Wymore filed the lawsuit in July in U.S. District Court. He is a retired Wisconsin public health analyst with a master’s degree in public policy who volunteers to teach English as a second language to immigrants from West Africa.
Wymore’s attorney, Alan Ostergren, contends the ordinance outlining requirements to serve on the review board contains a classification based upon race.
Advocates called for the review board, which provides oversight of local law enforcement, to be made up of mostly people of color to address systemic inequities in policing that disproportionately affect marginalized populations.
But this policy “provides that the CRB will include five members who identify as people of color — it contains no requirement that any of the CRB members actually be people of color,” according to the plaintiff’s legal briefs.
Because those who identify as people of color may be better equipped to identify trends rooted in bias than those who do not, the city argues, the requirement that the board contain some members who identify as people of color rationally serves a legitimate government interest.
The defendant has not alleged any demonstration of irreparable harm if the motion for a preliminary injunction is not granted, the city contends.
There is no need for an injunction, the city argues, because no new appointments to the panel are expected until June 30, 2023. The city also anticipates amending this section of the ordinance before any board members’ terms expire, according to legal briefs, so the provision in question will no longer be in existence at that time.
It is possible there could be departures from the board through June, Williams said, posing the hypothetical of a member being hit by a bus.
Since the panel began meeting last summer, four members have left the board. Some of those appointments were due to cycle off after one year, but others have parted in the middle of their term and left vacancies that the city has since filled.
Ostergren said it would be different for the court to consider the city’s plans to amend the ordinance if the City Council was preparing to vote on specific language rather than an “amorphous” intent to change the racial requirement. The city has not justified its use of race in making appointments to the board, Ostergren said.

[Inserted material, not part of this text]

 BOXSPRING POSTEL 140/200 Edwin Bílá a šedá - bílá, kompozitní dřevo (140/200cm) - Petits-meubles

“The city cannot just ignore the meaning of its own ordinance when it uses race in this way,” Ostergren said, taking issue with the city’s argument that the “identify as” language in the policy means the city is not requiring people be of a certain race.
Though there are other slots on the board that don’t have to be filled by a person of color, Williams said statistically, the city has decreased Wymore’s odds of being appointed.

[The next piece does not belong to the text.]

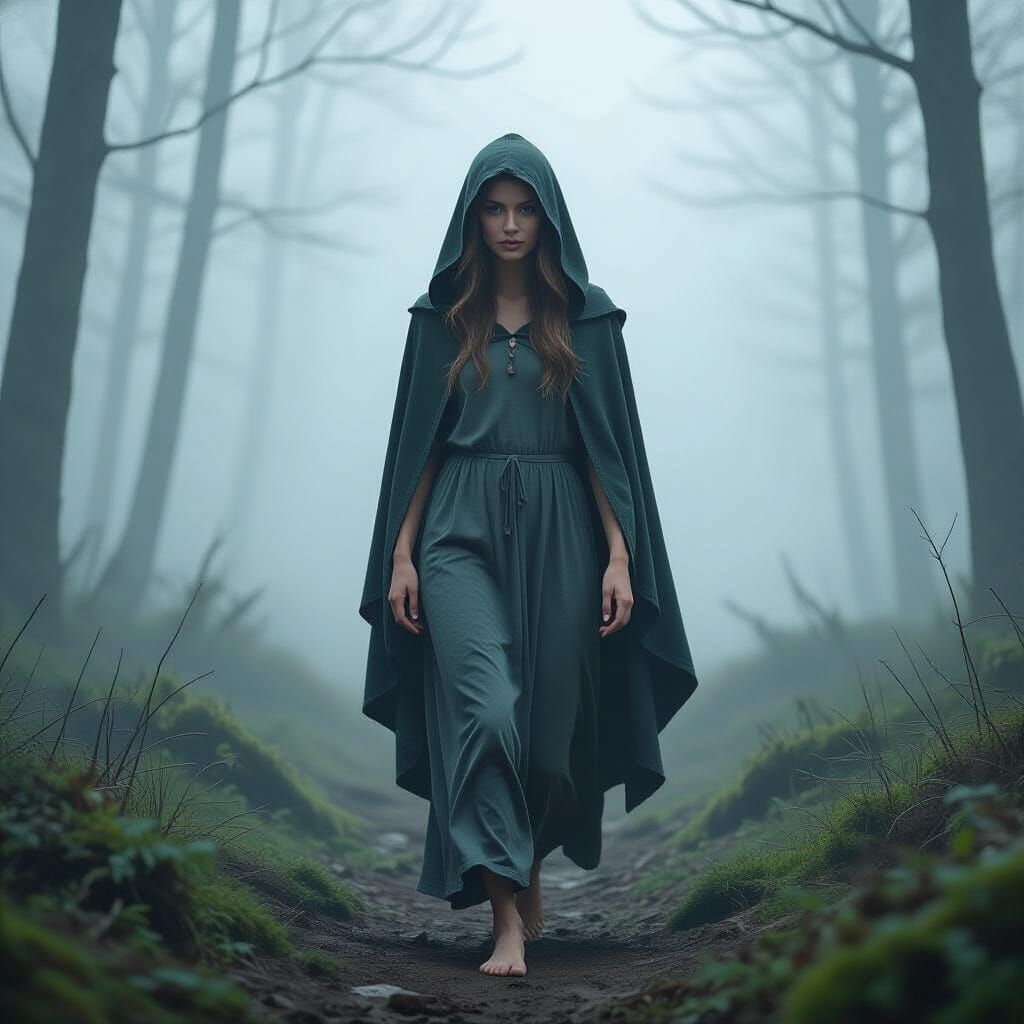 Woman in Misty Forest Cloaked and Hooded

Commenting on the city’s argument that the board’s role is to address trends rooted in bias, Williams asked whether the policy itself inherently reflected a bias that only people of color could identify such trends.
“There’s nothing in your policy that says white people need to be included,” Williams said.
Patricia Kropf, the attorney representing the city, responded that “what we were looking for is a diversity of perspectives.”
As for Wymore specifically, Kropf said there were more than 70 applicants for the initial nine board spots.
“I believe that’s significantly more than we receive” for typical municipal boards and commissions, Kropf said. “ … It’s not that Mr. Wymore is one race or another.”